An dieser Stelle ist auch anzuführen, dass eine Aufenthaltskarte nach § 54 NAG zu den Dokumentationen des unionsrechtlichen Aufenthaltsrechts gehört. In diesen Fällen ergibt sich das Aufenthalts- und Niederlassungsrecht nicht aus einer nationalen gesetzlichen Berechtigung, sondern Kraft unmittelbar anwendbaren Unionsrechts. Diese Bescheinigung hat bloß deklaratorische Wirkung. Ein das Aufenthaltsrecht konstitutiv begründender Aufenthaltstitel liegt mit der Aufenthaltskarte damit nicht vor (vgl. VwGH vom 26.04.2016, Ra 2015/09/0137).
Die im angefochtenen Bescheid erlassene Rückkehrentscheidung gemäß § 52 FPG (und in weiterer Folge auch des darauf aufbauenden Einreiseverbotes gemäß § 53 FPG) erweist sich im gegenständlichen Fall somit im Ergebnis als verfehlt.
Da es sich beim BF – wie soeben ausgeführt – um einen begünstigten Drittstaatsangehörigen handelt, käme diesbezüglich nur eine aufenthaltsbeendende Maßnahme nach den §§ 66 ff FPG in Form einer Ausweisung bzw. eines Aufenthaltsverbotes in Betracht. Diesem Umstand hat das BFA im gegenständlichen Bescheid jedoch keine Rechnung getragen.

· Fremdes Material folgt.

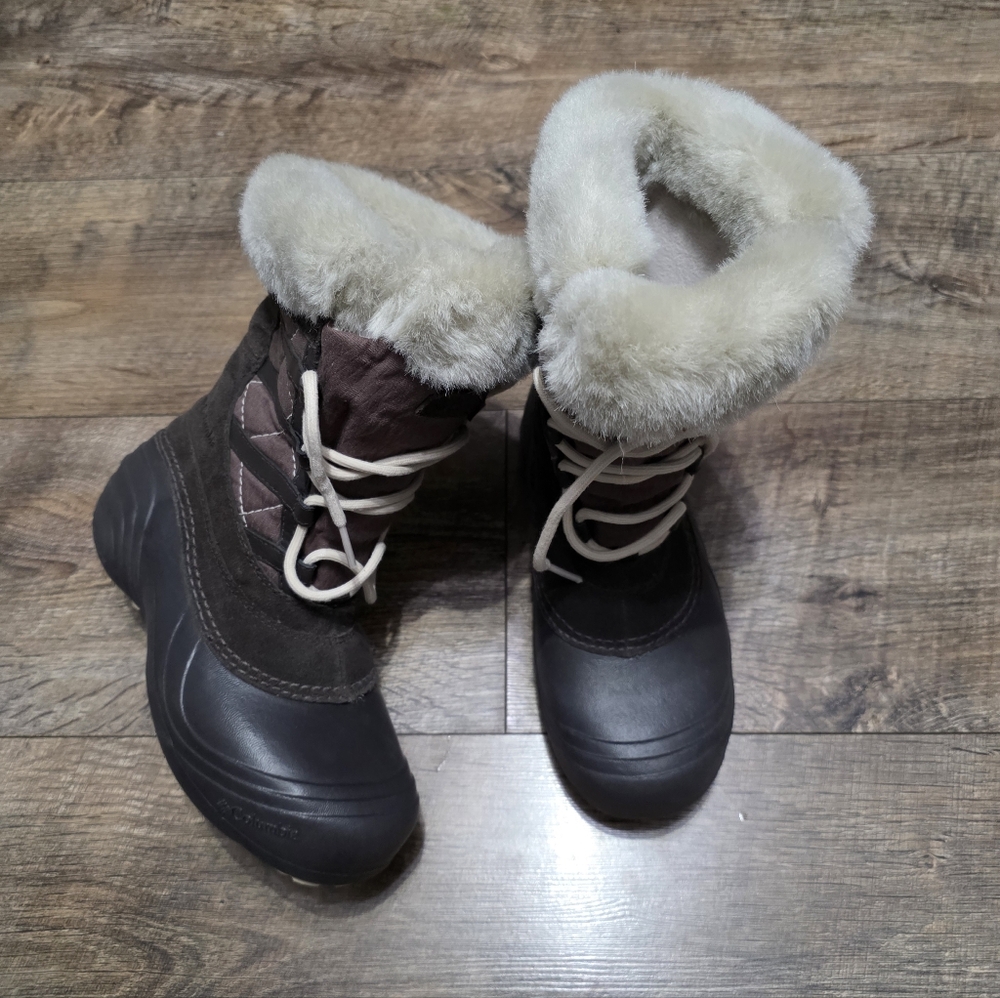 Columbia Fur-Lined Winter Boots - Brown and Cream Women 5.5
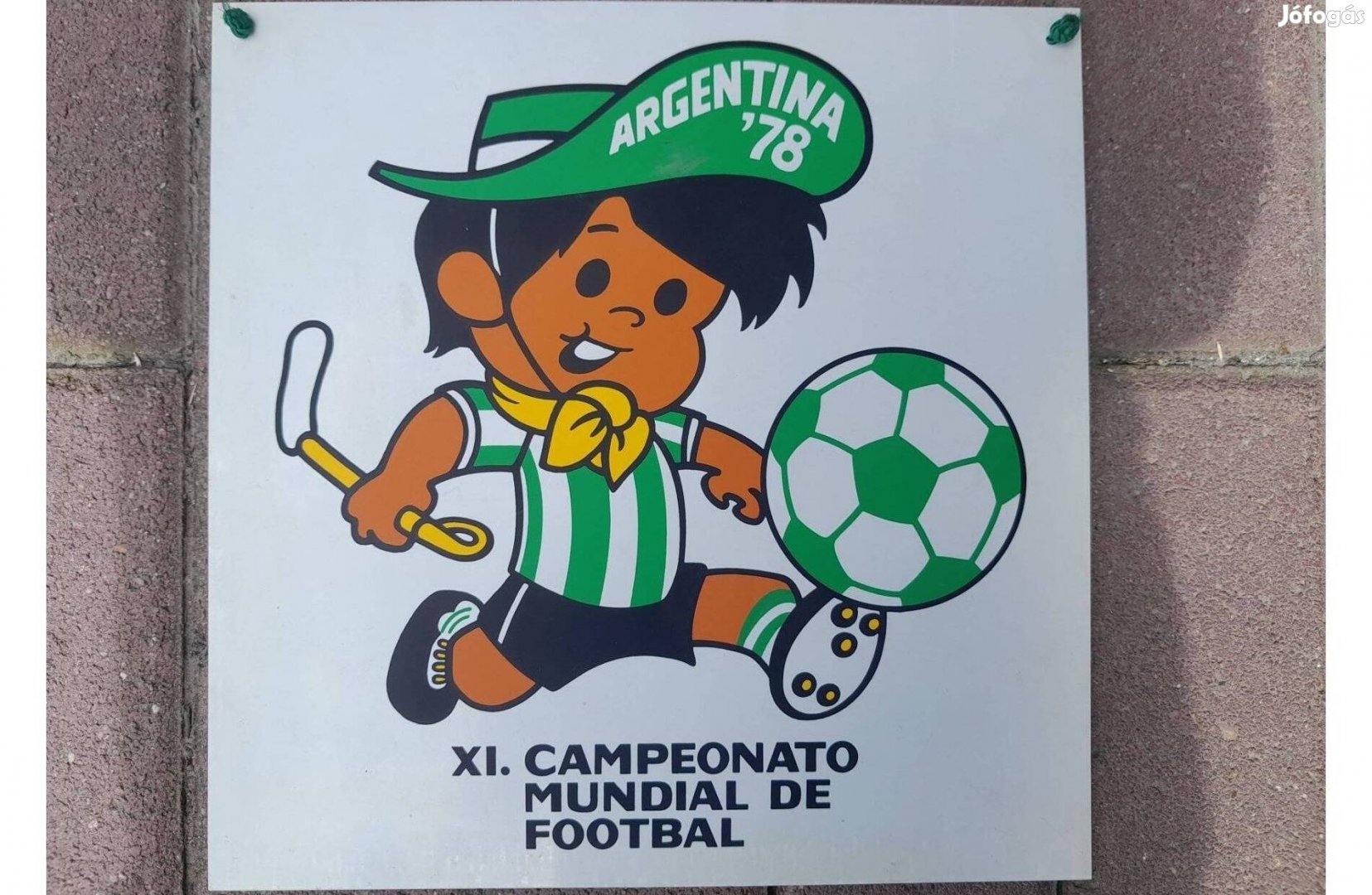Argentina'78 futball világbajnokság reklámtábla, hibátlan,focirelikvia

3.3. Unter einem ist darauf hinzuweisen, dass das BVwG im gegenständlichen Fall nicht gehalten ist, im Falle der Rechtswidrigkeit der Erlassung einer Rückkehrentscheidung in Verbindung mit einem Einreiseverbot stattdessen die Erlassung eines Aufenthaltsverbotes gemäß § 67 FPG zu prüfen. Eine Entscheidung durch das Gericht würde die Sache des Verfahrens und damit den Prüfungsmaßstab des Gerichtes überschreiten (vgl. dazu VwGH vom 16.04.2021, Ra 2020/21/0462, Rn. 11 ff).
Es war daher spruchgemäß zu entscheiden und der angefochtene Bescheid ersatzlos zu beheben.
Der Vollständigkeit halber ist auszuführen, dass über Spruchpunkt VI. des angefochtenen Bescheides bereits mit Teilerkenntnis des BVwG vom 10.09.2025 abgesprochen und der Beschwerde die aufschiebende Wirkung zuerkannt wurde.
Zu Spruchteil B) Unzulässigkeit der Revision:
Die Revision ist gemäß Art. 133 Abs. 4 B-VG nicht zulässig, weil die Entscheidung nicht von der Lösung einer Rechtsfrage abhängt, der grundsätzliche Bedeutung zukommt. Weder weicht die gegenständliche Entscheidung von der bisherigen Rechtsprechung des Verwaltungsgerichtshofes ab, noch fehlt es an einer Rechtsprechung; weiters ist die vorliegende Rechtsprechung des Verwaltungsgerichtshofes auch nicht als uneinheitlich zu beurteilen. Auch liegen keine sonstigen Hinweise auf eine grundsätzliche Bedeutung der zu lösenden Rechtsfrage vor.